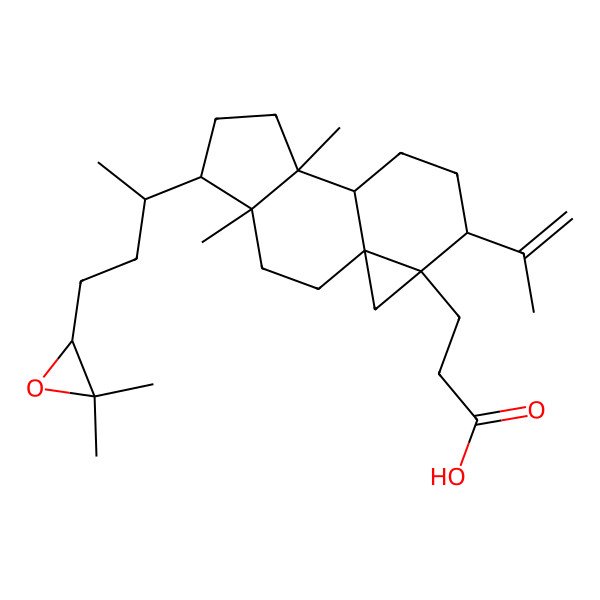 2D Structure of 3-[(1S,4R,5R,8S,9S,12S,13R)-5-[(2R)-4-[(2S)-3,3-dimethyloxiran-2-yl]butan-2-yl]-4,8-dimethyl-12-prop-1-en-2-yl-13-tetracyclo[7.5.0.01,13.04,8]tetradecanyl]propanoic acid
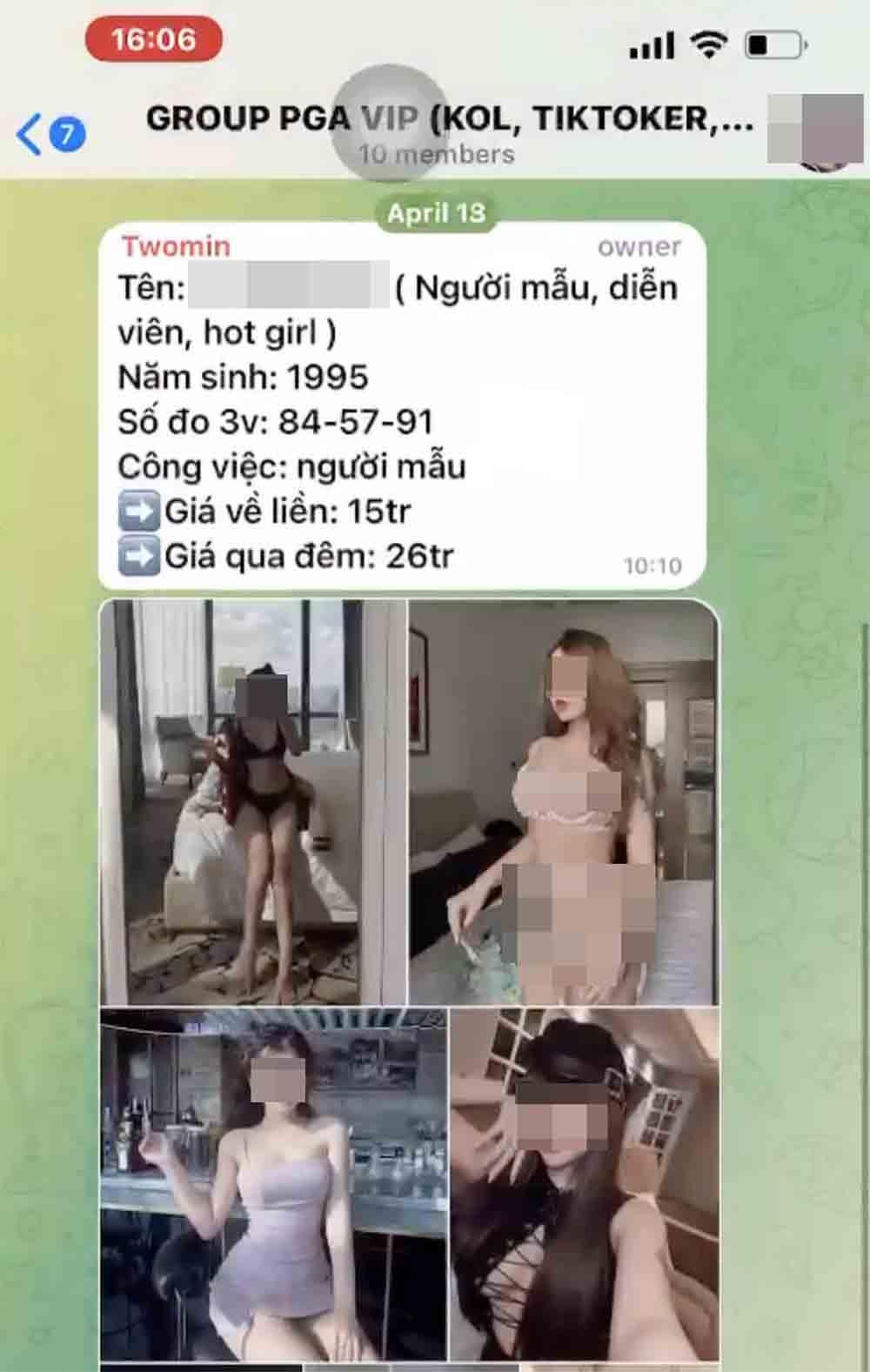 Đáng chú ý, Vy còn tham gia vào các nhóm như: “Chị em sương sương”, “my nơ”, “sub Sài Gòn”, “nàng yêu”, “girl xinh SG” (tất cả có khoảng 10.000 thành viên) để tuyển chọn gái bán dâm.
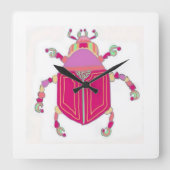 Hellrosa Käfersäulenhalterung Quadratische Wanduhr (Vorderseite)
========================
- Problem -
Please set down the data above exactly as given, leaving every picture out.

- Written answer -
 2D Structure of 3-[(1S,4R,5R,8S,9S,12S,13R)-5-[(2R)-4-[(2S)-3,3-dimethyloxiran-2-yl]butan-2-yl]-4,8-dimethyl-12-prop-1-en-2-yl-13-tetracyclo[7.5.0.01,13.04,8]tetradecanyl]propanoic acid
 Đáng chú ý, Vy còn tham gia vào các nhóm như: “Chị em sương sương”, “my nơ”, “sub Sài Gòn”, “nàng yêu”, “girl xinh SG” (tất cả có khoảng 10.000 thành viên) để tuyển chọn gái bán dâm.
 Hellrosa Käfersäulenhalterung Quadratische Wanduhr (Vorderseite)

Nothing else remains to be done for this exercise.